### Supplied entries
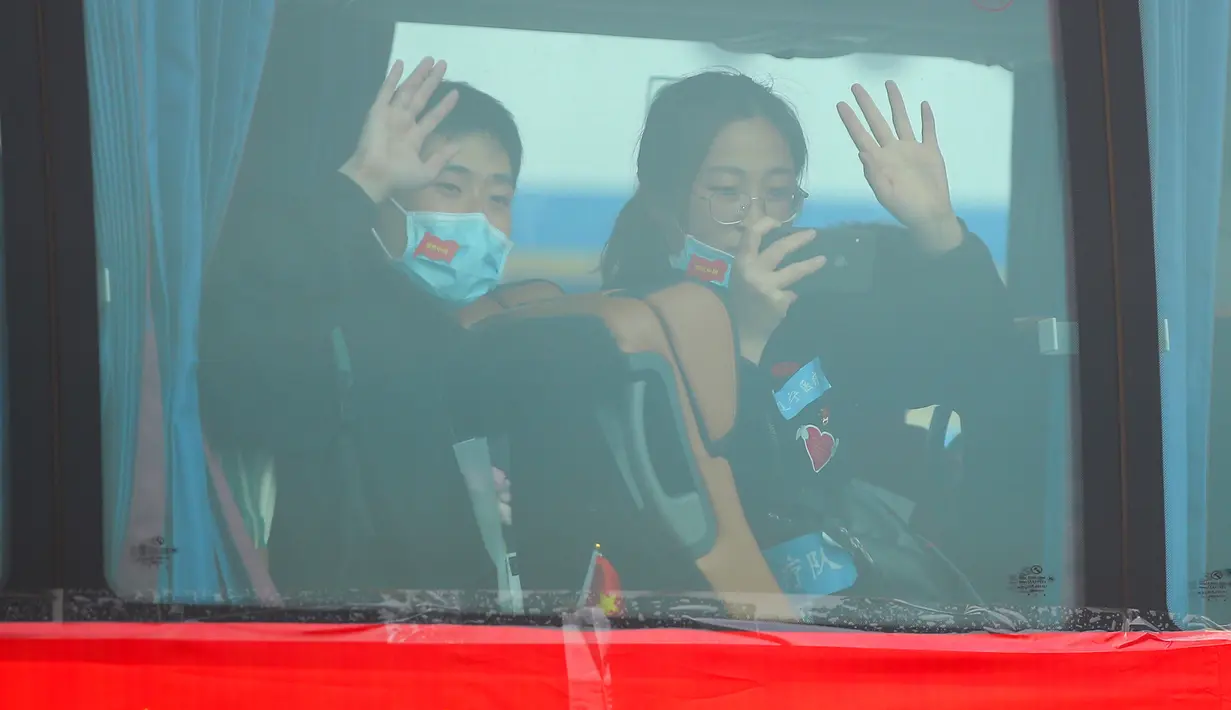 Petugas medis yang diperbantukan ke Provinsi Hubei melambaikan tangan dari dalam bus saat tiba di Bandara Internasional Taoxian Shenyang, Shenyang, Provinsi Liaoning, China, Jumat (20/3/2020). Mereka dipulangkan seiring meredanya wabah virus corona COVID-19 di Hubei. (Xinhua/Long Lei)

--

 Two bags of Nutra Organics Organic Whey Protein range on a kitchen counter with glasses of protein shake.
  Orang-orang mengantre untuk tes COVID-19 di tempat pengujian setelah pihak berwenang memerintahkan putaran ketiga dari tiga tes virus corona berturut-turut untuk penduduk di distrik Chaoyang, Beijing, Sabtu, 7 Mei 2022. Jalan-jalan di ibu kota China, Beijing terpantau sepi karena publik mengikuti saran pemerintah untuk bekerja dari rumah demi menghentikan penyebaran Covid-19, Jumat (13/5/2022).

==

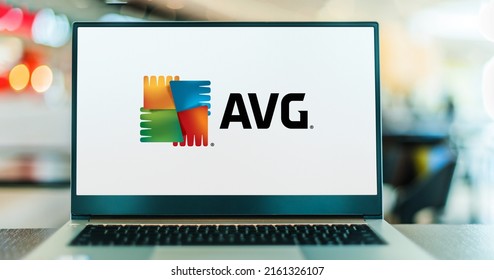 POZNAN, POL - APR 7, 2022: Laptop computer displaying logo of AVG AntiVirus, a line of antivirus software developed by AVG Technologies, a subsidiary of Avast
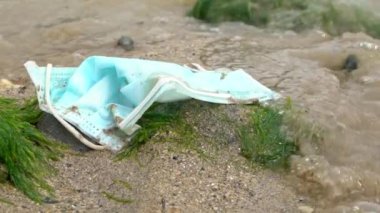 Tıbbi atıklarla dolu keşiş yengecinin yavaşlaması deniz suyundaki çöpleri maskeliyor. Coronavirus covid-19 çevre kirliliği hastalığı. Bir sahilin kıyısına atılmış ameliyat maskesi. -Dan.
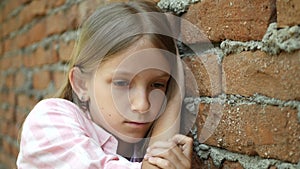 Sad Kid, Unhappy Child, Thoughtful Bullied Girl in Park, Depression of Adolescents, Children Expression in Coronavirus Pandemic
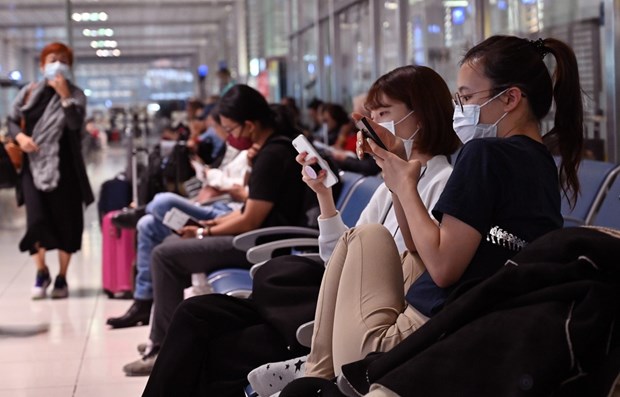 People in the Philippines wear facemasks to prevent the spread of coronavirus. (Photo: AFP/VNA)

### Problem requirements
Only one stretch of the data is wanted: write out exactly the lines from the one holding "POZNAN, POL - APR" through the one holding "Tıbbi atıklarla dolu", both included, without the pictures.

### Output
 POZNAN, POL - APR 7, 2022: Laptop computer displaying logo of AVG AntiVirus, a line of antivirus software developed by AVG Technologies, a subsidiary of Avast
 Tıbbi atıklarla dolu keşiş yengecinin yavaşlaması deniz suyundaki çöpleri maskeliyor. Coronavirus covid-19 çevre kirliliği hastalığı. Bir sahilin kıyısına atılmış ameliyat maskesi. -Dan.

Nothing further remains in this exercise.